Her Majesty’s Revenue & Customs (HMRC) will be unable to successfully move away from its Aspire outsourcing contract by the July 2017 deadline, MPs have warned.
In a Public Accounts Committee (PAC) report, MPs called the department overly complacent about the scale of the move away from one of the biggest IT outsourcing deals ever signed by the UK government. The report also stated HMRC doesn’t even have a business case for the transformation change, despite three years passing since the decision to abandon the contract.
MPs also branded the Cabinet Office’s new rules of restricting IT contracts over £100m unrealistic for departments as big as HMRC.

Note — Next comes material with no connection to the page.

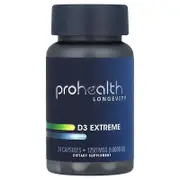 ProHealth Longevity, D3 Extreme, 1,250 mcg (50,000 IU), 24 Capsules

“We do not believe that the Cabinet Office’s ‘red lines’ on IT procurement, such as its restriction on any IT contracts over £100m, are realistic in a business as large as HMRC’s, or that transformation on this scale is achievable by July 2017,” said Richard Bacon, MP, as the report was published.
Bacon said HMRC faces an enormous challenge in moving to a new contracting model for collecting UK taxes by 2017.
“Moreover, HMRC’s record in managing IT contractors gives us little confidence that HMRC can successfully achieve this transition or that it can manage the proposed model effectively to maximise value for money,” he added.
HMRC told the committee that it hoped to publish a business case for the move away from Aspire in the spring, which leaves it only two years to approach the market, recruit necessary skills and manage the transition of the services it will need before the existing contract expires in 2017.
The Aspire contract between HMRC and Capgemini accounts for 84% of HMRC’s total spend on IT, and while the department has said it expects to save more than £200m a year by abandoning Aspire, the PAC report stated the department couldn’t provide the committee with a rough estimate of the cost of the change which will arise from moving staff, equipment and office space.
Meanwhile, HMRC has said it is confident it can meet the 2017 deadline, although “some of the key milestones may shift”, read the report.
The PAC report suggested HMRC and the Cabinet Office should jointly agree key milestones and warning flags leading up to the end of the contract in June 2017, “with contingency plans that manage the risks to the stability of the tax collection system and the risks to value for money should these milestones be missed”.
Last year, the National Audit Office warned HMRC about its Aspire challenges, saying it posed serious risks to HMRC’s business should it fail to replace the Capgemini-led deal.
Since the Cabinet Office’s new rules on large outsourced IT deals were introduced, HMRC has been trying to break up the contract into manageable chunks. But the NAO said the department has had only limited success in negotiating new agreements with suppliers.
The department had planned to move to direct contracts with Capgemini’s main subcontractors, Fujitsu and Accenture, but the NAO said it had seen no evidence of any new contracts being agreed.
Commenting on the PAC report, Julian David, CEO of techUK, said its members welcomed the PAC's recognition of this and its view that the size of individual contracts should be determined by the requirements and circumstances facing individual departments rather than being constrained to fit arbitrary limits.
“We share the Cabinet Office’s desire to see the widest available supplier base made available to public sector organisations, and techUK and its members work with government departments to help them take advantage of innovative suppliers of all sizes – large and small,” said David.